Grotesque

05/01/2010 at 9:25 pm (Words) (, )

“I suppose, Watson, we must look upon you as a man of letters,” said he. “How do you define the word ‘grotesque’?”

“Strange–remarkable,” I suggested.

He shook his head at my definition.

“There is surely something more than that,” said he; “some underlying suggestion of the tragic and the terrible. If you cast your mind back to some of those narratives with which you have afflicted a long-suffering public, you will recognize how often the grotesque has deepened into the criminal. Think of that little affair of the red-headed men. That was grotesque enough in the outset, and yet it ended in a desperate attempt at robbery. Or, again, there was that most grotesque affair of the five orange pips, which let straight to a murderous conspiracy. The word puts me on the alert.”

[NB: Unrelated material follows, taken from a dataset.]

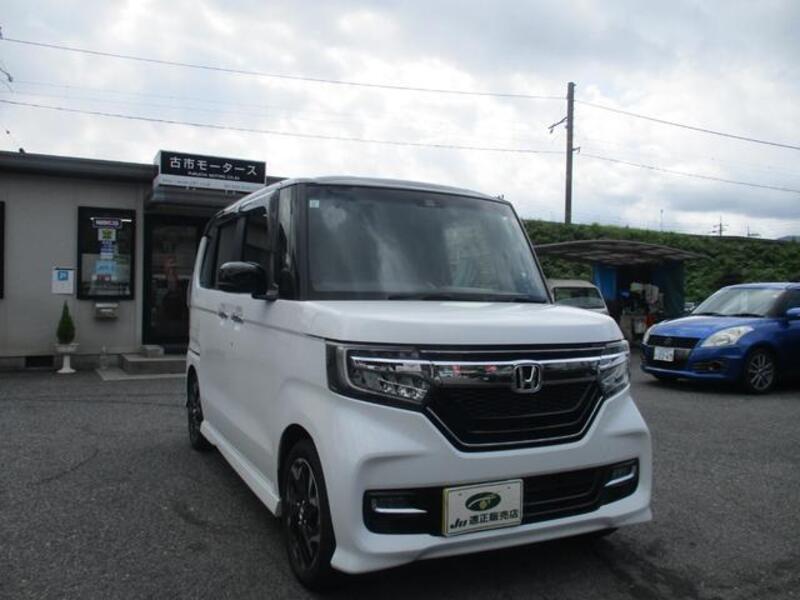 HONDA N BOX CUSTOM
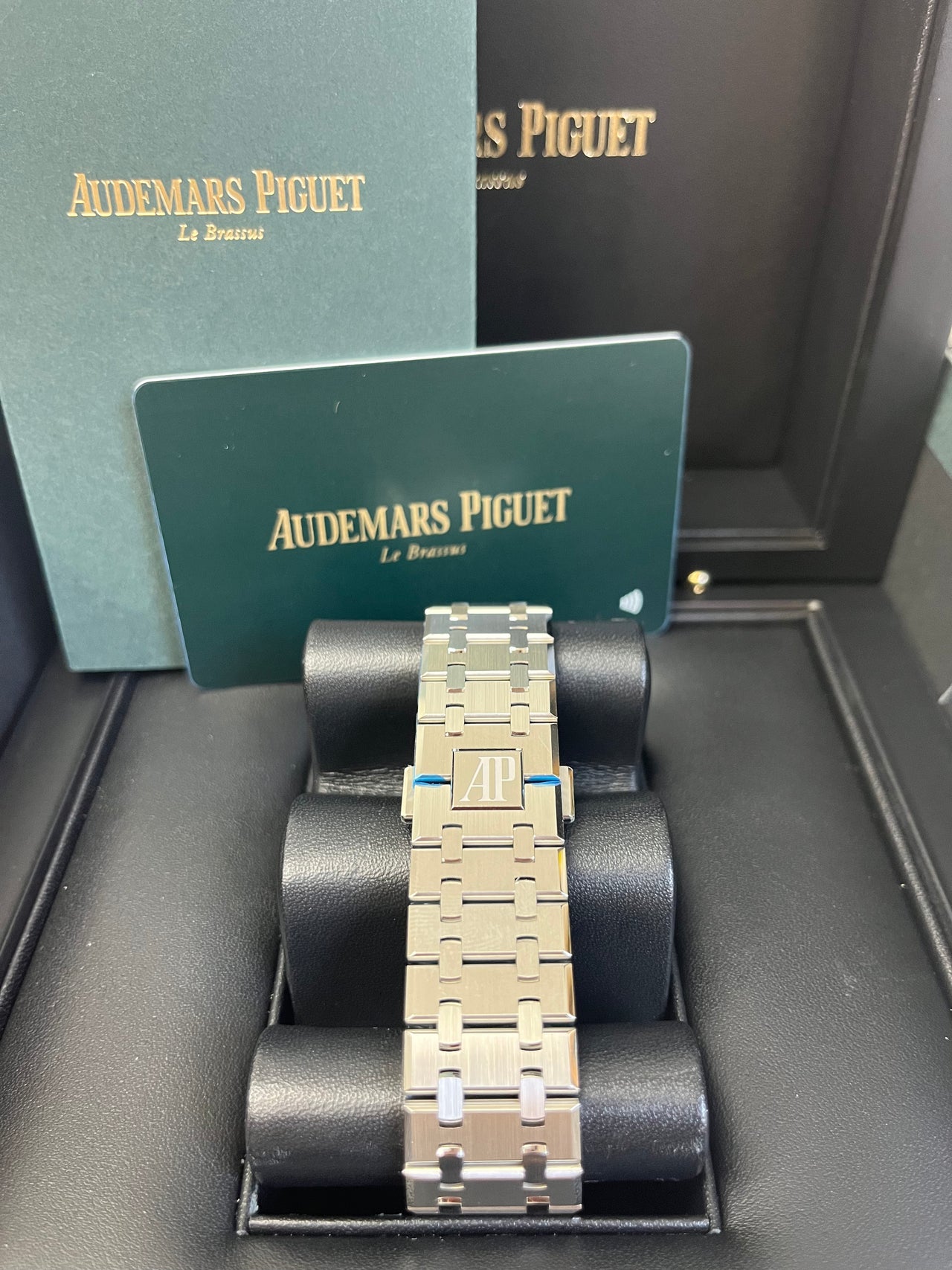 Audemars Piguet Royal Oak Selfwinding "50TH ANNIVERSARY" BLUE DIAL STAINLESS STEEL 41MM 15510ST.OO.1320ST.01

– Sir Arthur Conan Doyle –

What is the word stands out the most in above excerpt? It was the first time I came across it. The reason it fascinates me is, it sounds exactly like it’s meaning. But it’s only today I really searched for it’s meaning.

It was interesting to learn that grotesque is from ancient Rome – an ornamental style. The word has the Latin root grotto, which means cave. But it was actually used to refer to rooms and corridors of  Domus Aurea, Nero‘s unfinished palace.

So in the end grotesques became intertwined with all forms of arts. Have you seen those weird statues on gothic (and also some not-so-gothic) buildings? I thought those were called gargoyles. Apparently, they’re called gargoyles only when they act as water sprouts. If not they’re grotesques or chimeras.

Like in Sherlock Holmes’s adventure, grotesque characters appear in literature too. According to Wikipedia, a grotesque character invokes in a reader both disgust and empathy, the given examples include Quasimodo (The Hunchback of Notre Dame) and Beast form Beauty and the Beast.

Ok, I can’t bear to call Quasi a grotesque, but it explains things perfectly.

Added to these there’s also movies, music groups, an X Files episode, a chess problem and also a sans-serif typeface named grotesque.